--- Given information ---

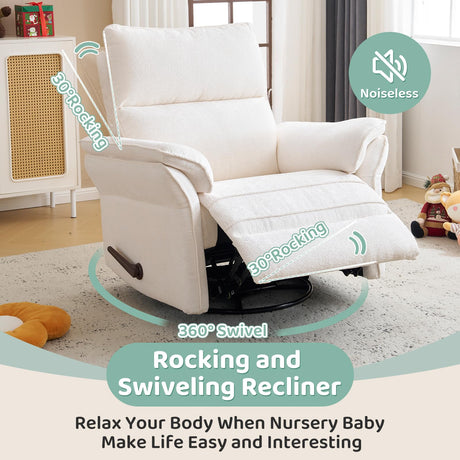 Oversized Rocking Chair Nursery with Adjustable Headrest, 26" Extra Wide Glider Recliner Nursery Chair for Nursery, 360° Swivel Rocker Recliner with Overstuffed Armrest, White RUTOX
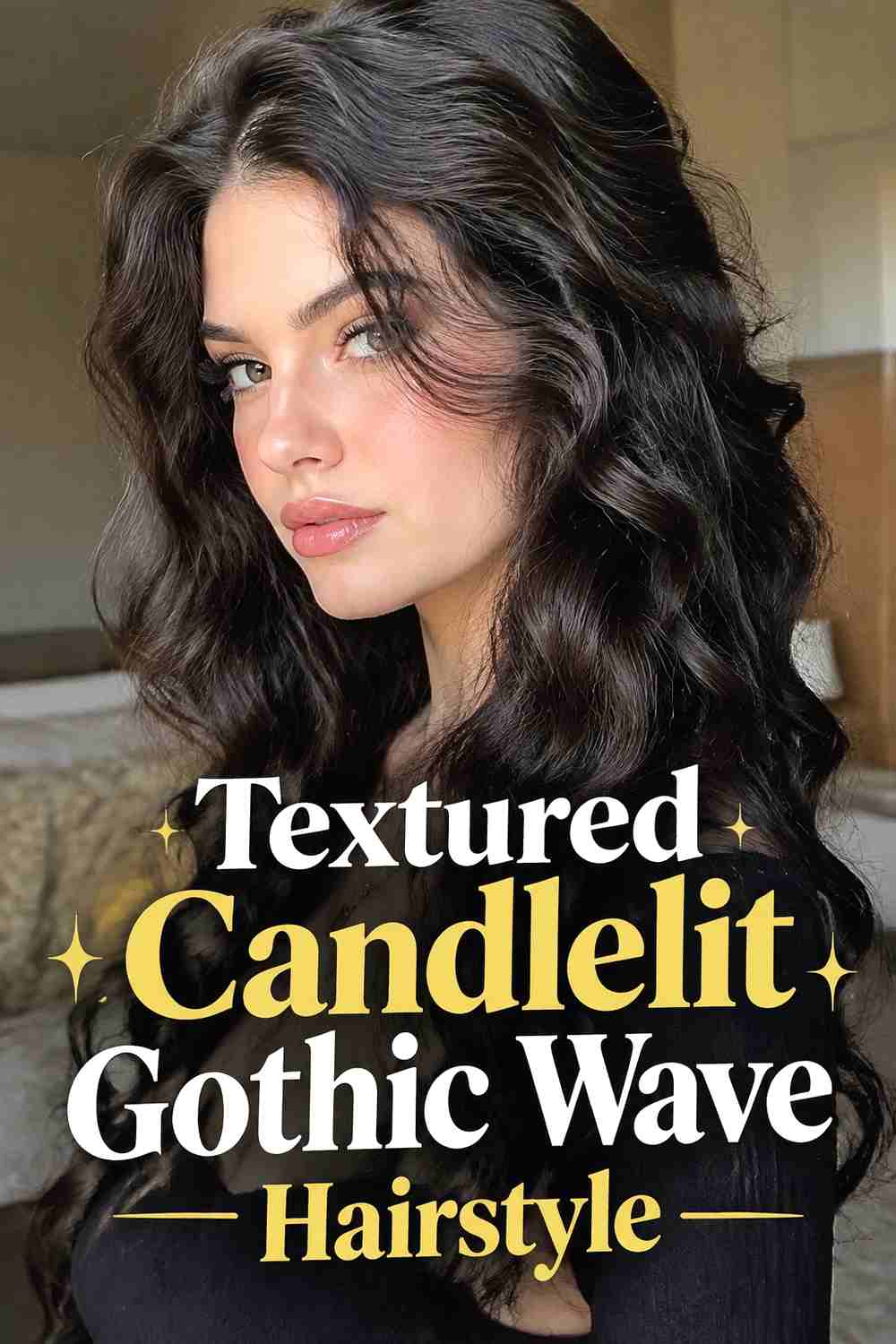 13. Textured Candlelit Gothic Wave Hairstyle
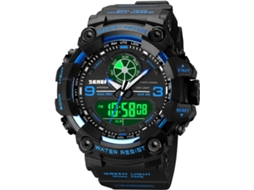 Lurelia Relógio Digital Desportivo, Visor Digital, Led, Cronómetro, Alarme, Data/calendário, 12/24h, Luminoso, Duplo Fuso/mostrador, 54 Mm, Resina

---

Except for the pictures, print the data above exactly.

**Final answer**:
 Oversized Rocking Chair Nursery with Adjustable Headrest, 26" Extra Wide Glider Recliner Nursery Chair for Nursery, 360° Swivel Rocker Recliner with Overstuffed Armrest, White RUTOX
 13. Textured Candlelit Gothic Wave Hairstyle
 Lurelia Relógio Digital Desportivo, Visor Digital, Led, Cronómetro, Alarme, Data/calendário, 12/24h, Luminoso, Duplo Fuso/mostrador, 54 Mm, Resina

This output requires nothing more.